** Supplied data follows **

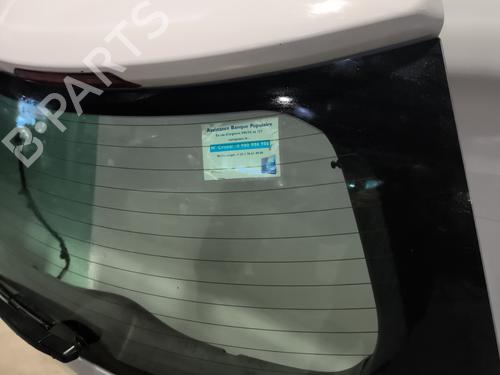 Tailgate CITROËN C3 II (SC_) 1.2 VTi 82 | BP25985502C6 - Image 2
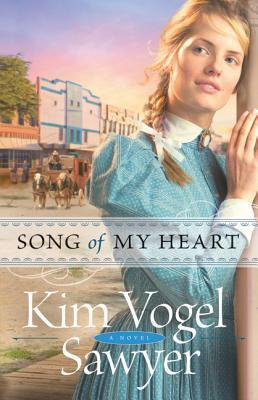 Song of My Heart book cover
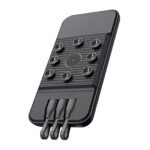 Çiriş 10.000 Mah Siyah Wireless Standlı Powerbank 265301 - Görsel 4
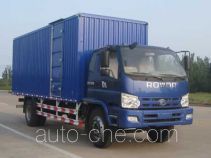 Foton BJ5133VJCFK-1 фургон (автофургон)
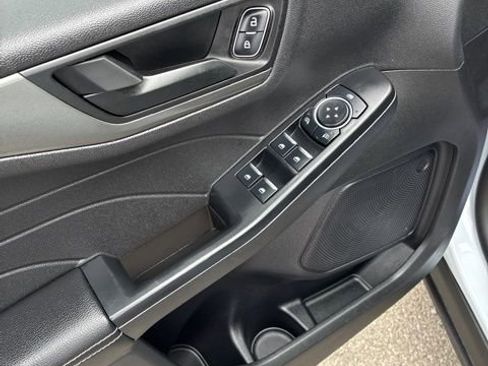 New 2026 Ford Escape Active image 11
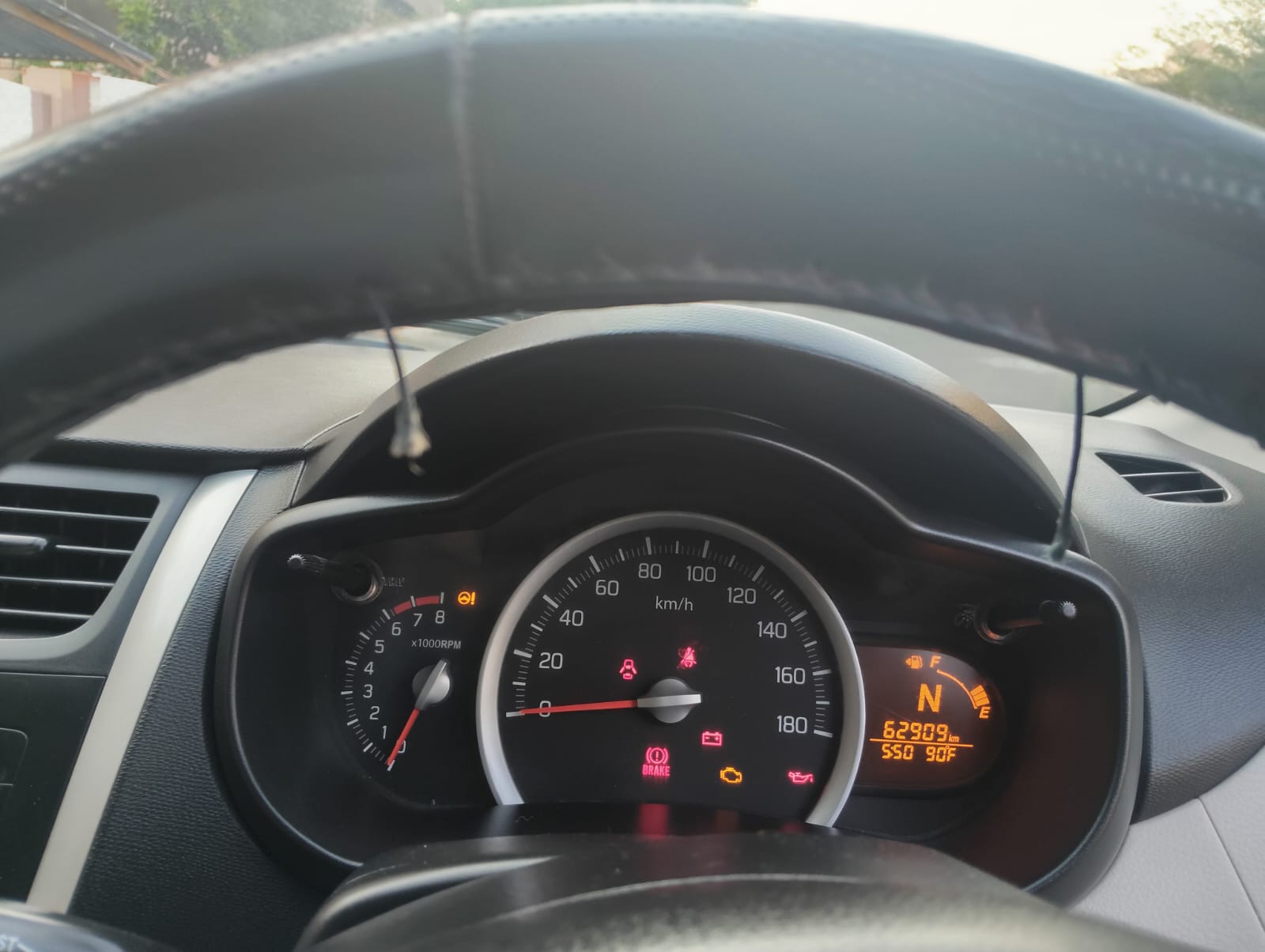 Maruti Suzuki Celerio - Image 2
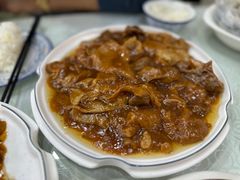 -同发号饭庄(复兴路店)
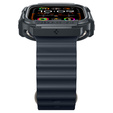 Spigen Rugged Armor Dark Grey Case for Apple Watch Ultra 1 / 2 (49 mm)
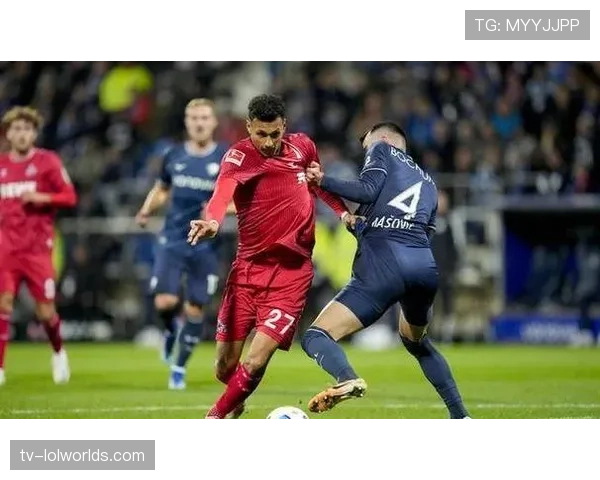 一支升班马的生存之道：聚焦海登海姆如何用高效反击拿分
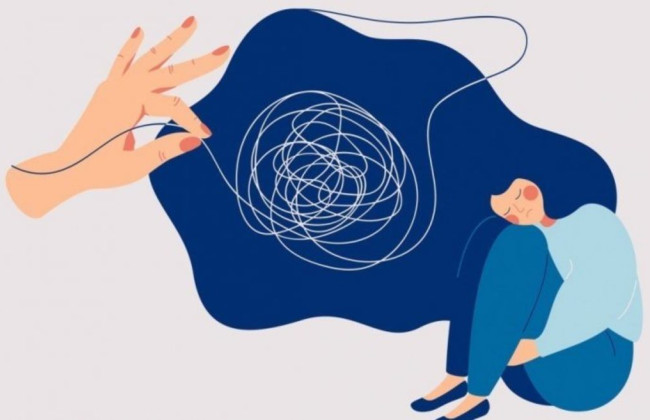 В Украине в следующем году заработают 200 центров ментального здоровья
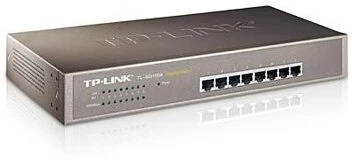 Tp-link TL-SG1008 nagyítás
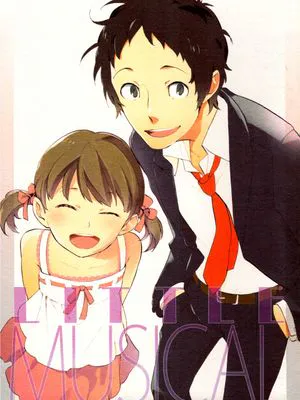 LITTLE MUSICAL（ペルソナ4）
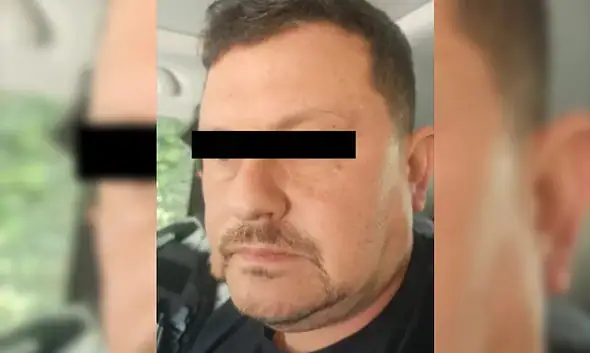 Detienen en Zapopan a presunto operador financiero del CJNG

** End of Supplied data **

Exercise brief
Starting at the line that contains "Song of My Heart book cover", write out every line through the end of the entries above exactly, and omit the pictures.

Task solution
 Song of My Heart book cover
 Çiriş 10.000 Mah Siyah Wireless Standlı Powerbank 265301 - Görsel 4
 Foton BJ5133VJCFK-1 фургон (автофургон)
 New 2026 Ford Escape Active image 11
 Maruti Suzuki Celerio - Image 2
 -同发号饭庄(复兴路店)
 Spigen Rugged Armor Dark Grey Case for Apple Watch Ultra 1 / 2 (49 mm)
 一支升班马的生存之道：聚焦海登海姆如何用高效反击拿分
 В Украине в следующем году заработают 200 центров ментального здоровья
 Tp-link TL-SG1008 nagyítás
 LITTLE MUSICAL（ペルソナ4）
 Detienen en Zapopan a presunto operador financiero del CJNG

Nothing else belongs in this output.